Flocked Wallpaper in Parlor Closet, Eyre Hall

Image of flocked wallpaper in parlor closet of Eyre Hall

Photo by Dr. Susan Buck. Courtesy of Furlong Baldwin

This visually compelling image of a blue-flocked wallpaper has an equally compelling history. It was recently found in the interior of a small closet off the parlor of Eyre Hall (c. 1758) when glimpses of a brilliant blue could be seen through small cracks in the later layers of limewash and paint. Carefully scraping away these later wall coatings revealed a blue-flocked wallpaper with a quatrefoil pattern. The blue-printed and flocked wallpaper was analyzed to identify its pigments and fibers in order to date its installation in the parlor’s closet.

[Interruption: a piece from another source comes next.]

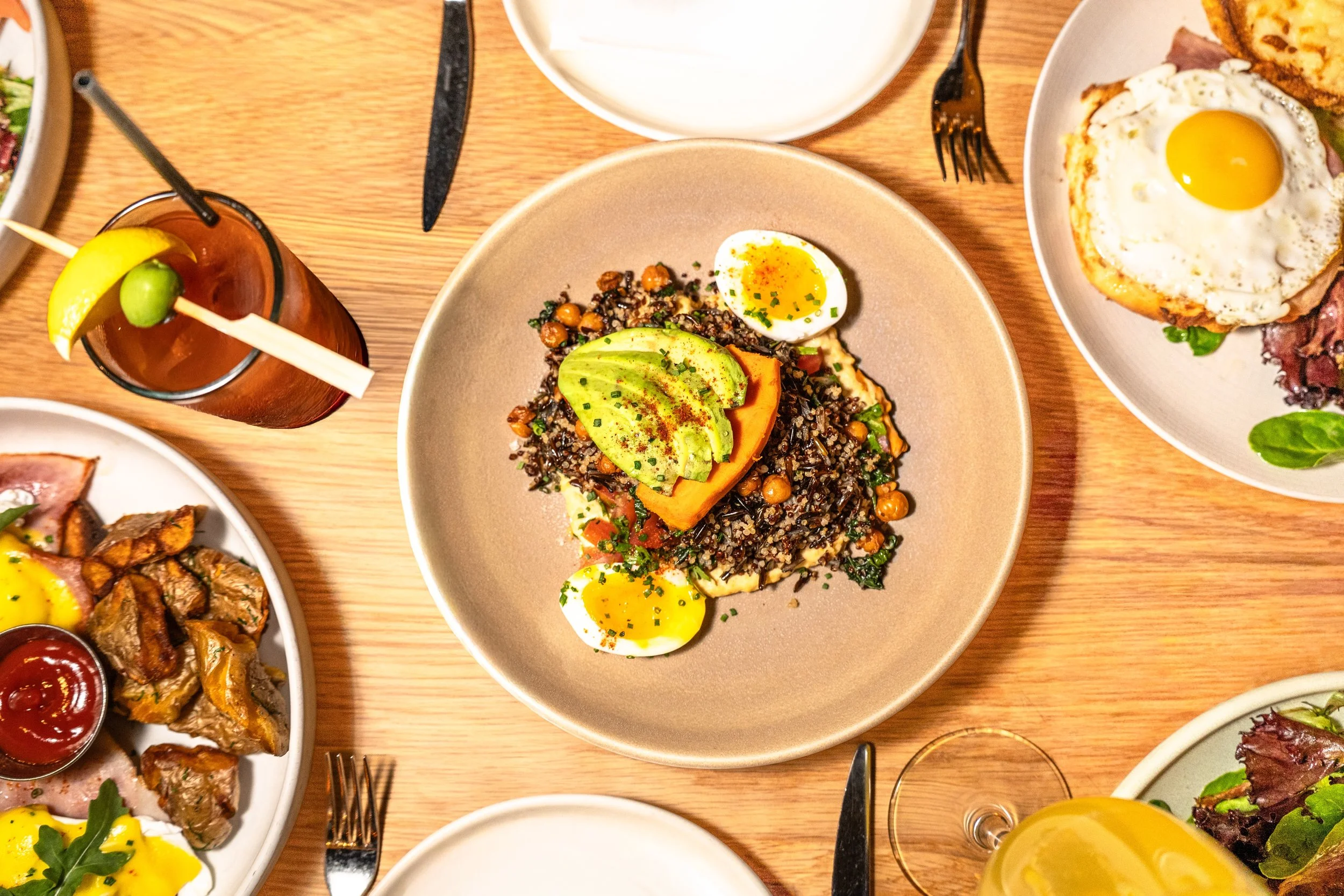 Plate of cooked quinoa salad topped with sliced avocado, halved boiled eggs, and chopped herbs, surrounded by glasses and other dishes on a wooden table.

The paper itself is composed of flax fibers. The flocking fibers are dyed blue and green wool. Both flax and wool were typical fibers of traditional eighteenth- and early-nineteenth-century flocked wallpapers. Pigment analysis shows that the deep blue base coat directly on top of the paper is composed primarily of very high quality Prussian blue and cobalt blue pigments, and the light blue print layer is composed of a mixture of Prussian blue, cobalt blue, green verditer, and yellow ochre.  The blue flocking fibers were adhered to this light blue block-printed paint while it was still wet. As cobalt blue was not available as a pigment until about 1810, this wallpaper could not have been part of Eyre Hall’s eighteenth-century decoration. A surprising discovery from a closet space, this expensive wallpaper was likely excess paper from a more public room in the house decorated during the nineteenth century.